*** Opening of Exercise materials ***
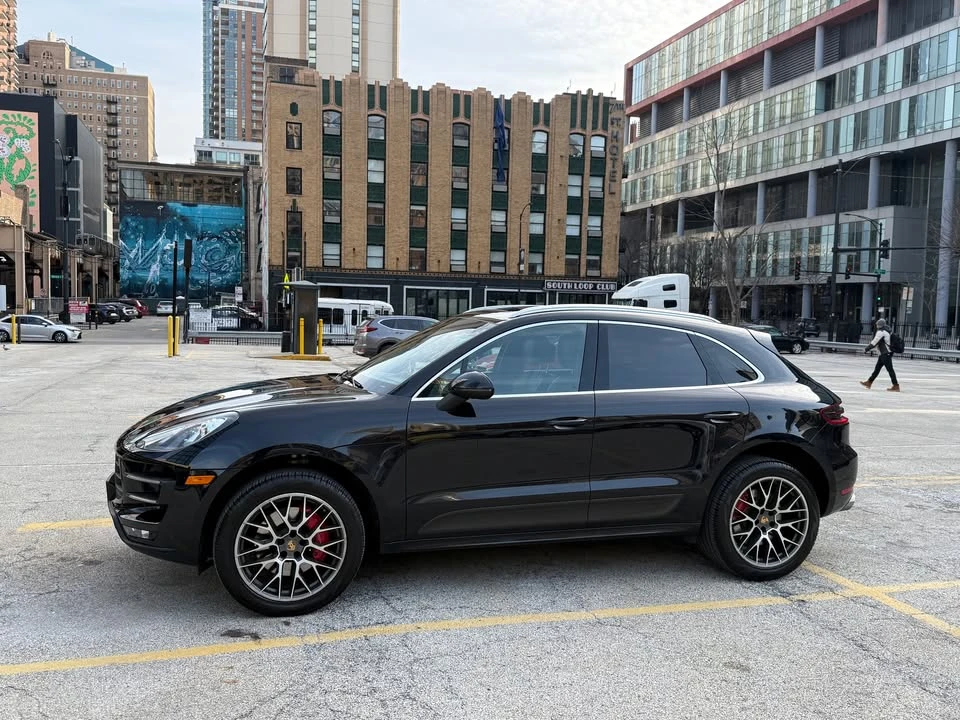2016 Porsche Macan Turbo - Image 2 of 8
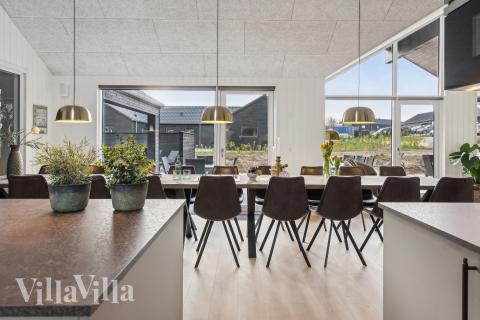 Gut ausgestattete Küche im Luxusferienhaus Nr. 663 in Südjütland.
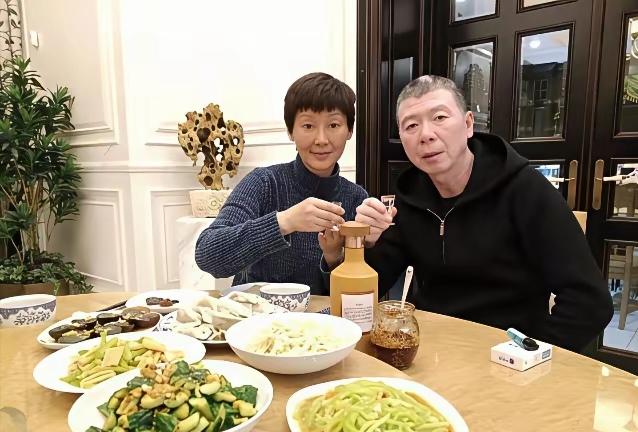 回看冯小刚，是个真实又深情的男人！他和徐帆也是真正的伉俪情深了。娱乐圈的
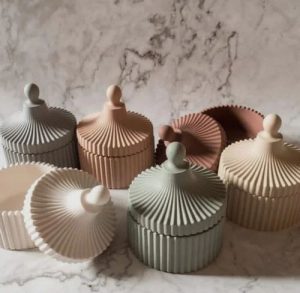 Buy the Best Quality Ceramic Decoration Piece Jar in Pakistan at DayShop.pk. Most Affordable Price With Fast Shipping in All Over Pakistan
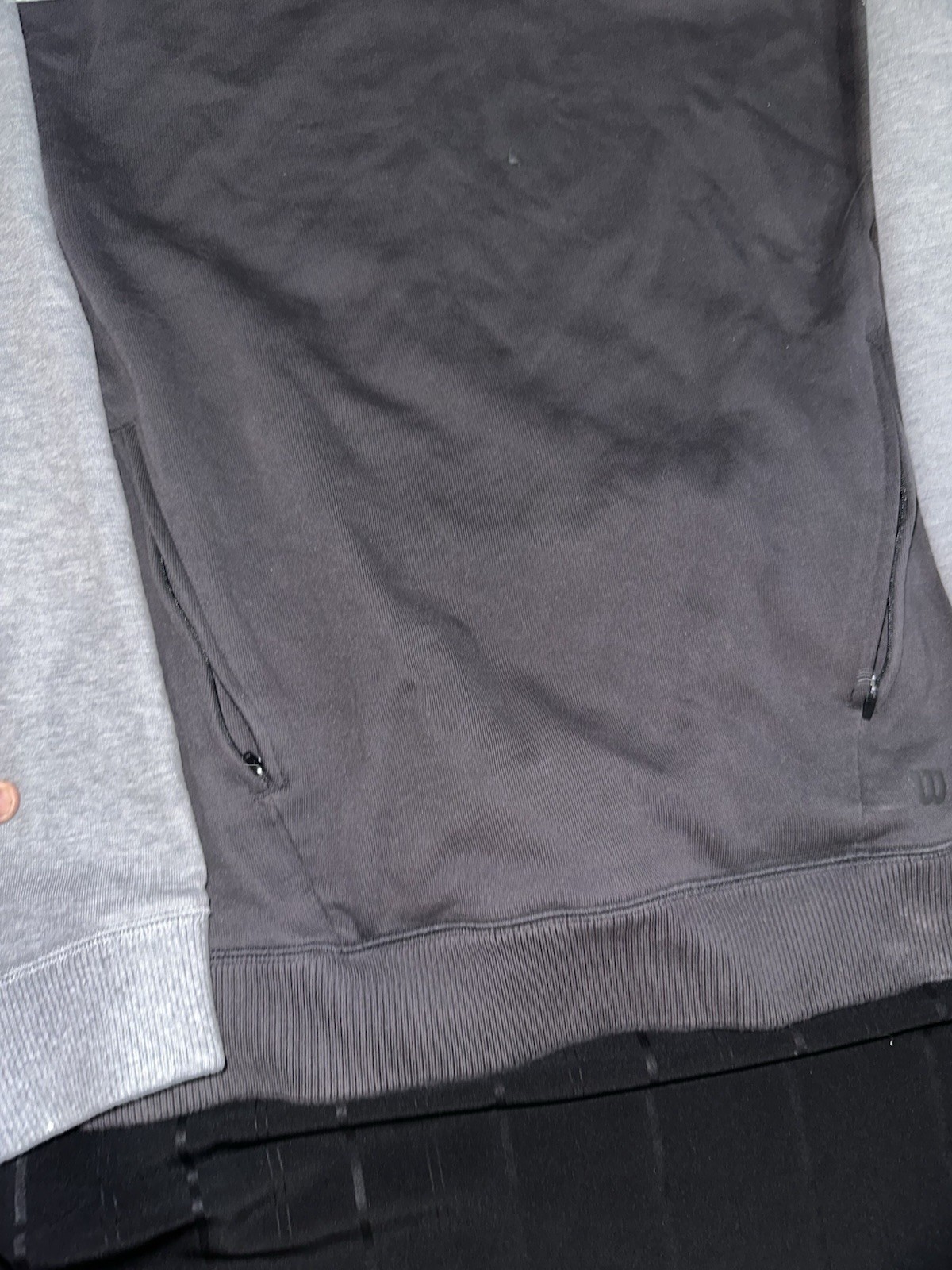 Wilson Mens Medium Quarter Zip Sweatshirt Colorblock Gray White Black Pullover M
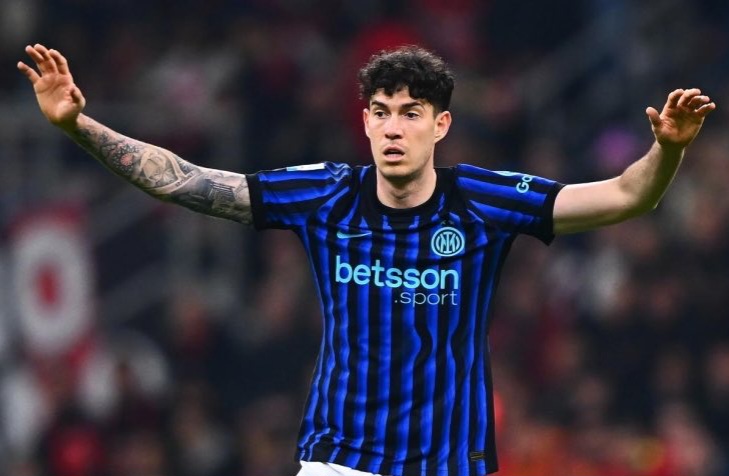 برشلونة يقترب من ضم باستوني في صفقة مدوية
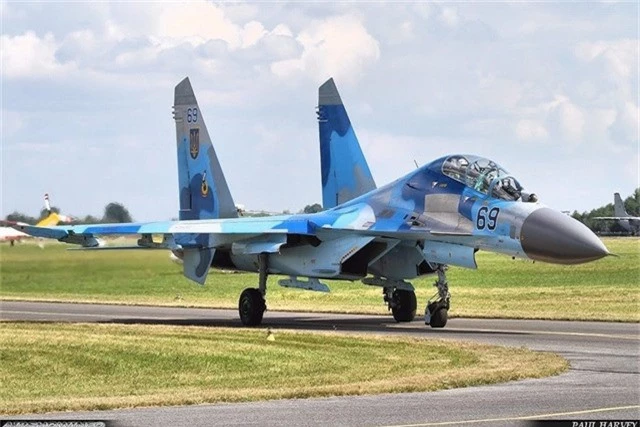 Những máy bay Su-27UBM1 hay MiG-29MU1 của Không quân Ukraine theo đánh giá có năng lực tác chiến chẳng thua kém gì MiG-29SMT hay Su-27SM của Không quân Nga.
*** Close of Exercise materials ***
▶ Exercise requirements
Restate the data word for word, minus any images.

▶ Task output
2016 Porsche Macan Turbo - Image 2 of 8
 Gut ausgestattete Küche im Luxusferienhaus Nr. 663 in Südjütland.
 回看冯小刚，是个真实又深情的男人！他和徐帆也是真正的伉俪情深了。娱乐圈的
 Buy the Best Quality Ceramic Decoration Piece Jar in Pakistan at DayShop.pk. Most Affordable Price With Fast Shipping in All Over Pakistan
 Wilson Mens Medium Quarter Zip Sweatshirt Colorblock Gray White Black Pullover M
 برشلونة يقترب من ضم باستوني في صفقة مدوية
 Những máy bay Su-27UBM1 hay MiG-29MU1 của Không quân Ukraine theo đánh giá có năng lực tác chiến chẳng thua kém gì MiG-29SMT hay Su-27SM của Không quân Nga.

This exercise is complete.